This week was unlike others mainly as the elections heated race took an end with Obama returning back to his presidential duty, which mounted hopes within the American public regarding a better future for the worlds leading economy as governmental aids and Obamas supportive administration will continue on pulling down gradually the country from a recession while that data released this week was cheerful as well.
In fact Obama won a second term as a U.S president, projecting accordingly under Obama reign to watch overall governmental aids and monetary continue on supporting the worlds leading economy throughout its current slowed down recovery.
The victory where the Democratic President won re-election for the second term, with 303 out of 270 electoral votes required to claim the White House, while his Republican Challenger has so far carried 203 electoral votes, only increased the probability that the past expansionary monetary and fiscal policy will only continue and even expand further
Not forgetting that till the last day the election race was truly tight as throughout the morning only the two challengers were still tying; reflecting accordingly the closest presidential elections in history with the first polling results of the day in New Hampshire’s Dixville Notch representing actually no change except of a tie.
This could explain why this weeks US University of Michigan Confidence Preliminary reading rose cheerfully in November mainly as a result of the re-election of Obama where the index climbed up to 84.9; higher than the prior reading of 82.6 and above the projected reading of 83.0.
Furthermore this week we saw that the countrys trade gap narrowed actually to its lowest level in almost two years and beyond the market forecasts as exports climbed up to a record due mainly to a growing demand from emerging markets on U.S products and services.

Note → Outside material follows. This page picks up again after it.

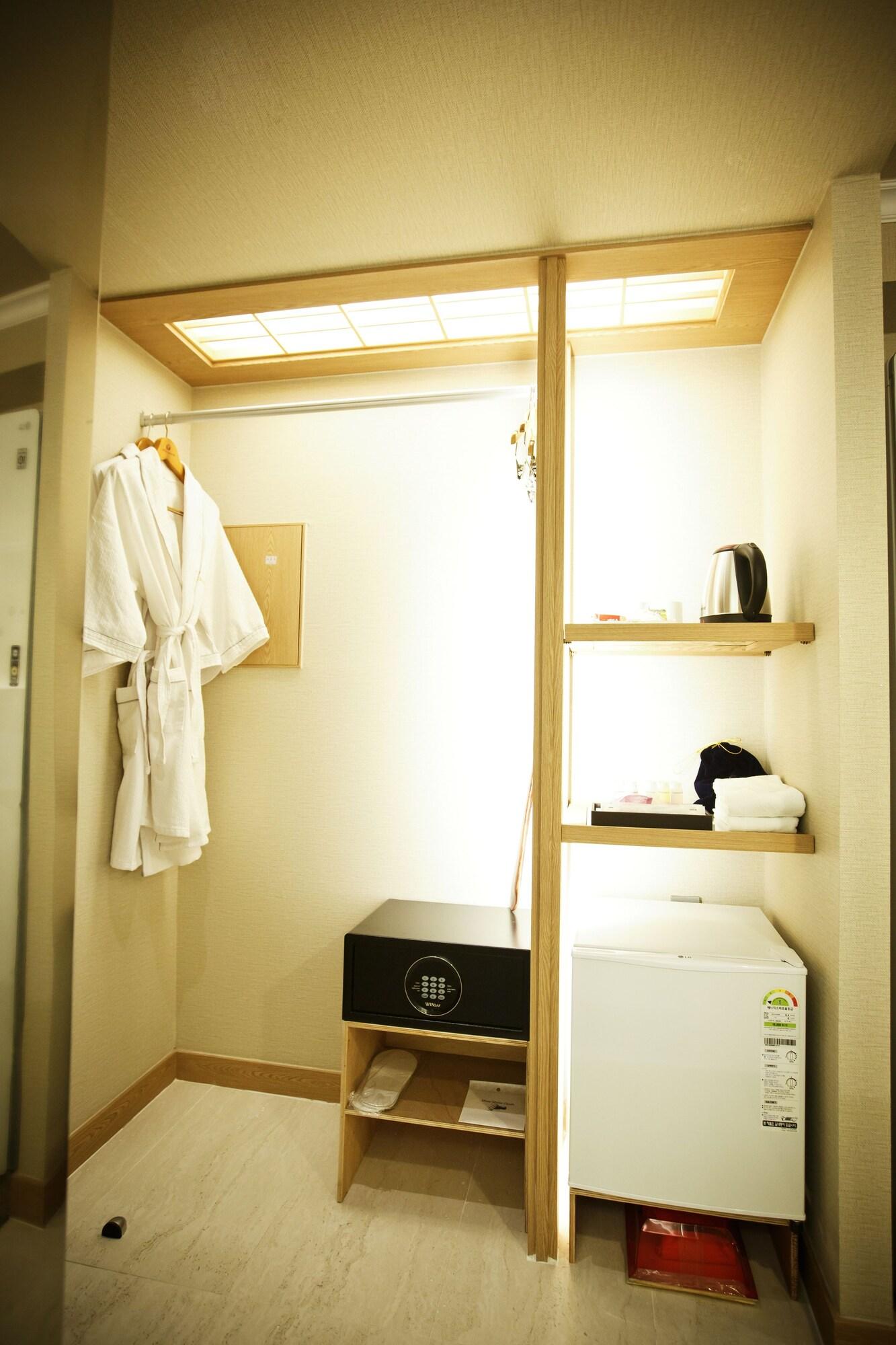 Ariana Hotel Daegu Bagian luar foto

If truth be told, the U.S trade deficit narrowed more than forecasted in September to having in fact the deficit low down to 41.5 billion; much lower than the market predictions of a 45.0 billion deficit and better than a prior revised deficit of 43.8 billion from a deficit of 44.2 billion.
In fact the deficit gap came in lower than projected yet it narrowed compared to the ongoing growing demand coming from emerging markets in South and Central America to accordingly overcome the past crucial slowdown in Europe and China that is constantly hurting the trading scene with the U.S and the whole world.

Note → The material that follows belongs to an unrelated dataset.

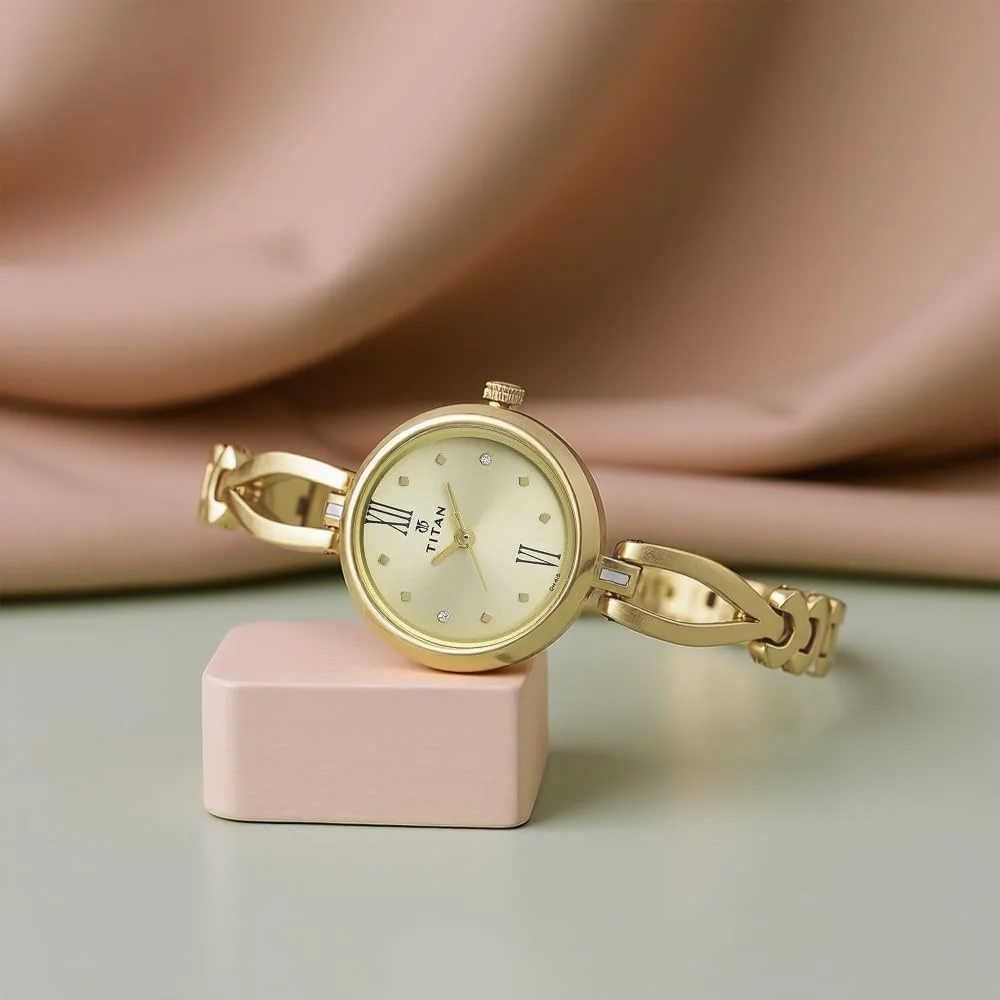 ساعت مچی آنالوگ تایتان کارিশما مدل گرد زنانه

As a result exports rose significantly by 3.1 percent in September to 187 billion while that imports increased 1.5 percent to 228.5 billion from 225.2 billion in the prior month, explaining the current narrowed gap of the countrys trade deficit.
Now turning to the superpowers neighbor and major trading partner; Canada, it watched its trade deficit narrow as well to 0.83 billion from a prior revised deficit of 1.52 billion from 1.32 billion; much lower the market predicted deficit reading of 1.50 billion.
Having in mind that that the Canadian economy major strength is trading and therefore these current toughened and hardened global conditions creates constantly downside pressures on the countrys trading although the deficit barrowed and growth remains spotted clearly and its revival pace is at a faster pace than the United States one.